> _Task to complete_
Please reproduce, exactly and in full, the lines running from the one that contains "Snapshot of mrheartthief" to the end of the entries.

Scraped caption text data
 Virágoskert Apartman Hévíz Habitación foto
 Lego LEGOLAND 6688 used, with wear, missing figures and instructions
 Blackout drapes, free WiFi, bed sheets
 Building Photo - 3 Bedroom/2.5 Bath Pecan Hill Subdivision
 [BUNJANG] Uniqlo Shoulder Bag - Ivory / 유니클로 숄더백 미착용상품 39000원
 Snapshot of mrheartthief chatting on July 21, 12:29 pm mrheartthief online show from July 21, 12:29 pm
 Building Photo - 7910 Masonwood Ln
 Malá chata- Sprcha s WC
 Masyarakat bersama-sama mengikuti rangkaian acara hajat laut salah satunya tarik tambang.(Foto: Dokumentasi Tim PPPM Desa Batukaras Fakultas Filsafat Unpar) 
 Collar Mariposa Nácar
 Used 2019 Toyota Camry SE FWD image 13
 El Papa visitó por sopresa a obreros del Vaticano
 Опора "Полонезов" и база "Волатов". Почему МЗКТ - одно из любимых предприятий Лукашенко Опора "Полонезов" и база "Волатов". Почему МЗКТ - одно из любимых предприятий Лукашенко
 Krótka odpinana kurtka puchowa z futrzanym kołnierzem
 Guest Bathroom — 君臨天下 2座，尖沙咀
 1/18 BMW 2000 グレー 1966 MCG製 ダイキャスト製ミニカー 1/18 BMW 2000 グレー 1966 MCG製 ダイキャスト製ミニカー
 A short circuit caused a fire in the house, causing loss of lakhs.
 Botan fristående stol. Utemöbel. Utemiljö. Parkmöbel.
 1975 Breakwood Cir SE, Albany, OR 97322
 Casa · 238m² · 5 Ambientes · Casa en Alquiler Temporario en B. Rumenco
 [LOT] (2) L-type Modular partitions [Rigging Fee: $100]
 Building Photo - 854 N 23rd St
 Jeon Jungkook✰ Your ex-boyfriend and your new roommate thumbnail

> _Answer to this exercise_
 Snapshot of mrheartthief chatting on July 21, 12:29 pm mrheartthief online show from July 21, 12:29 pm
 Building Photo - 7910 Masonwood Ln
 Malá chata- Sprcha s WC
 Masyarakat bersama-sama mengikuti rangkaian acara hajat laut salah satunya tarik tambang.(Foto: Dokumentasi Tim PPPM Desa Batukaras Fakultas Filsafat Unpar) 
 Collar Mariposa Nácar
 Used 2019 Toyota Camry SE FWD image 13
 El Papa visitó por sopresa a obreros del Vaticano
 Опора "Полонезов" и база "Волатов". Почему МЗКТ - одно из любимых предприятий Лукашенко Опора "Полонезов" и база "Волатов". Почему МЗКТ - одно из любимых предприятий Лукашенко
 Krótka odpinana kurtka puchowa z futrzanym kołnierzem
 Guest Bathroom — 君臨天下 2座，尖沙咀
 1/18 BMW 2000 グレー 1966 MCG製 ダイキャスト製ミニカー 1/18 BMW 2000 グレー 1966 MCG製 ダイキャスト製ミニカー
 A short circuit caused a fire in the house, causing loss of lakhs.
 Botan fristående stol. Utemöbel. Utemiljö. Parkmöbel.
 1975 Breakwood Cir SE, Albany, OR 97322
 Casa · 238m² · 5 Ambientes · Casa en Alquiler Temporario en B. Rumenco
 [LOT] (2) L-type Modular partitions [Rigging Fee: $100]
 Building Photo - 854 N 23rd St
 Jeon Jungkook✰ Your ex-boyfriend and your new roommate thumbnail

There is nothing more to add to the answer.